Las asonadas de cuartel surgidas en este lapso constitucional fueron fáciles de aislar y de dominar. Mayor dificultad hubo, y habría, para enfrentarse a un tipo de sedición nueva que hizo su aparición en la América Latina. Era la que se revestía de un atuendo revolucionario y que pretendía también eliminar el sistema representativo y democrático de gobierno pero esgrimiendo la bandera, seductora para mentes juveniles y de inadaptados sociales, de un cambio estructural profundo en la organización de nuestros pueblos.

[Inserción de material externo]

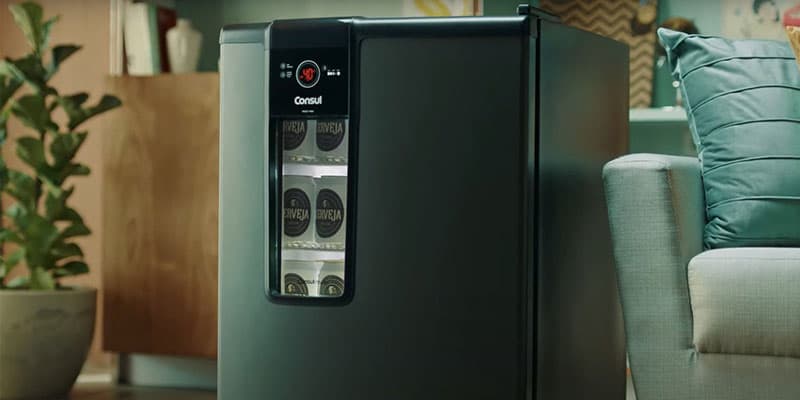 Cervejeira residencial usada como imagem de serviço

Esa nueva y peligros manera de desquiciar las bases institucionales de nuestros países y de su manera de concebir la organización social como proceso de libertad, adquirió una peligrosidad inocultable desde que el gobierno de Cuba declaró abierta y retadoramente su filiación comunista. La Habana se convirtió en una meca de todos los corifeos del credo totalitario. Pero con las características de la personalidad de los dirigentes de la llamada revolución cubana, formados en su adolescencia en la escuela del terrorismo y ayunos de bagaje ideológico serio; las consignas y los recursos ofrecidos a sus seguidores en la América Latina por ese régimen no fueron de tipo doctrinario. En La Habana se adiestraban y seguían adiestrando terroristas para dinamitar instalaciones industriales; activistas para la guerra de guerrillas; grupos de asalto para atracar bancos y otras empresas, so capa de realizar “expropiaciones revolucionarias”. El dinero en gruesas y sólidas cantidades enviado por el gobierno de La Habana a sus secuaces latinoamericanos no era para comprar imprentas en las cuales difundir ideas, sino para la adquisición de armas destinadas a la guerrilla rural y al atentado urbano.
Fácil resulta explicar y comprender por qué Venezuela fue escogida como objetivo primordial por los gobernantes de La Habana para la experimentación de su política de crimen exportado. Venezuela era el principal proveedor del Occidente no comunista de la materia prime indispensable para los modernos países industrializados, en tiempos de paz y en tiempos de guerra: el petróleo.
Para ese entonces, Venezuela era, además, acaso el país de América latina donde con más voluntariosa decisión se había realizado junto con una política de libertades públicas otra de cambios sociales, con simpatía y respaldo de los sectores laboriosos de la ciudad y del campo. Resultaba así explicable cómo dentro de sus esquemas de expansión latinoamericana, el régimen de La Habana conceptuara que su primero y más preciado botín era Venezuela, para establecer aquí otra cabecera de puente comunista en el primer país exportador de petróleo del mundo; y para echar por tierra una experiencia de gobierno democrático de raíz popular y vocación de justicia social, que resultaba una alternativa valedera frente al totalitarismo imperante en Cuba ante los ojos y la esperanza de los 200 millones de gentes que viven y sueñan al sur del Río Bravo.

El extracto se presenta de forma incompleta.